_TASK DESCRIPTION_:
Repeat the data that follows in full. Do not include the pictures.

_RECORDED INFORMATION_:

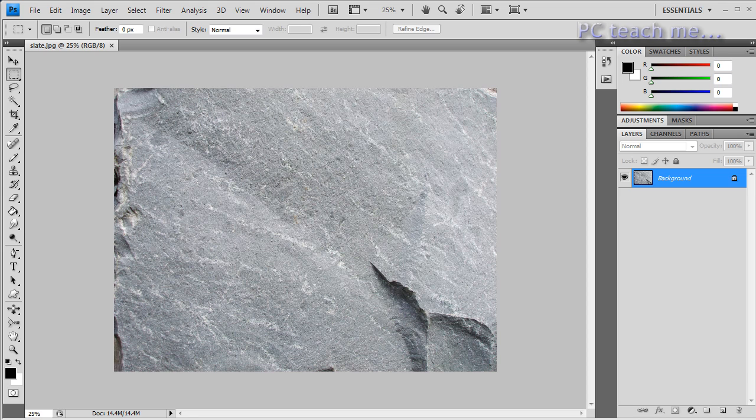Now I'm going to do the watermarking example from the previous video to do batching across multiple images. So what I'm going to ask you to do is if you follow along, make sure you've got one of your images that you want to watermark open.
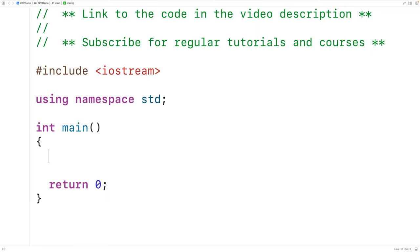In this video, we're going to learn how to convert a temperature in Fahrenheit to a temperature in Celsius using C++.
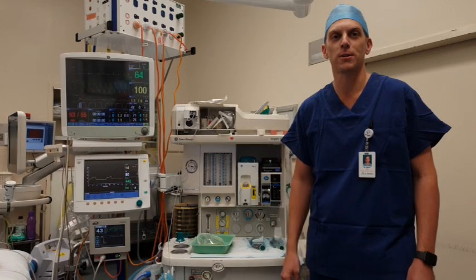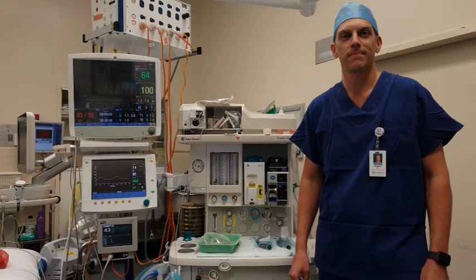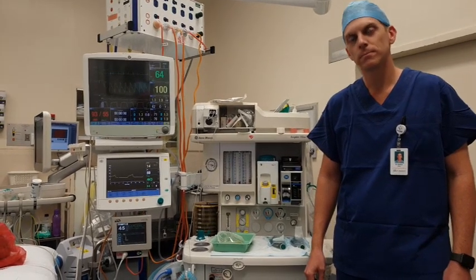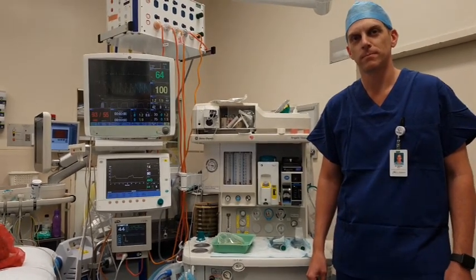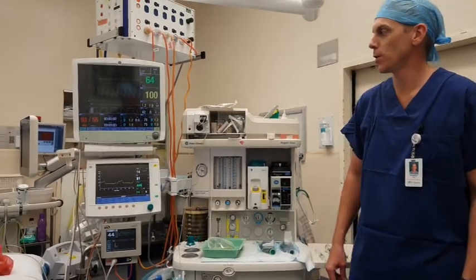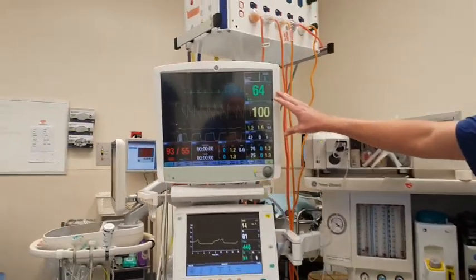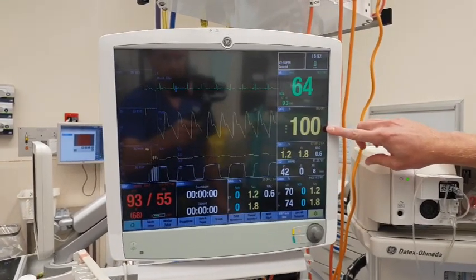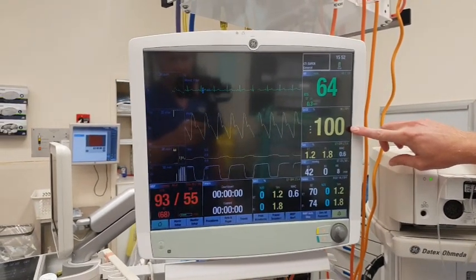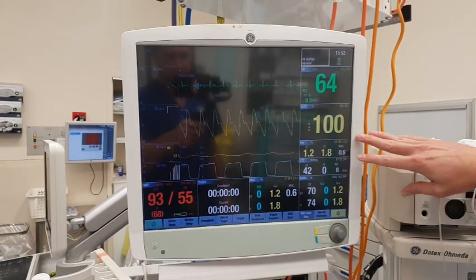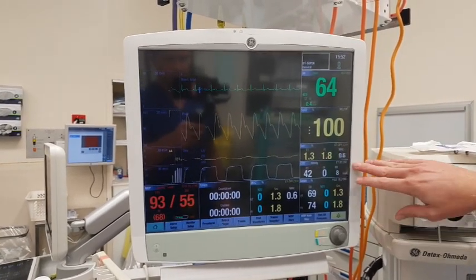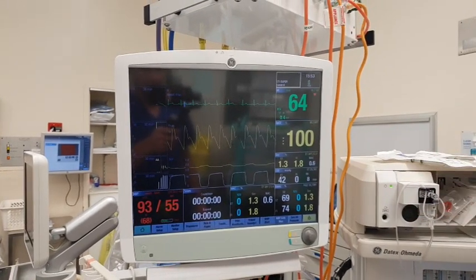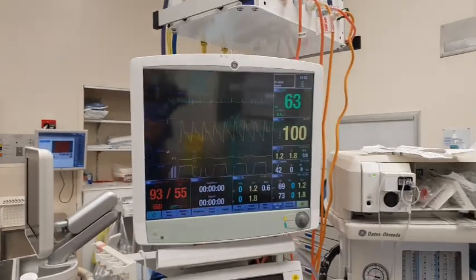Can you show us through some of the monitors quickly, and then look specifically at the BIS monitor? Sure. This is our main monitoring screen. On this screen we've got heart rate, oxygen percentage — in this person it's 100% — and other gas analysis including carbon dioxide. That's the main monitoring screen that we keep.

_ANSWER SECTION_:
Now I'm going to do the watermarking example from the previous video to do batching across multiple images. So what I'm going to ask you to do is if you follow along, make sure you've got one of your images that you want to watermark open.
In this video, we're going to learn how to convert a temperature in Fahrenheit to a temperature in Celsius using C++.
Can you show us through some of the monitors quickly, and then look specifically at the BIS monitor? Sure. This is our main monitoring screen. On this screen we've got heart rate, oxygen percentage — in this person it's 100% — and other gas analysis including carbon dioxide. That's the main monitoring screen that we keep.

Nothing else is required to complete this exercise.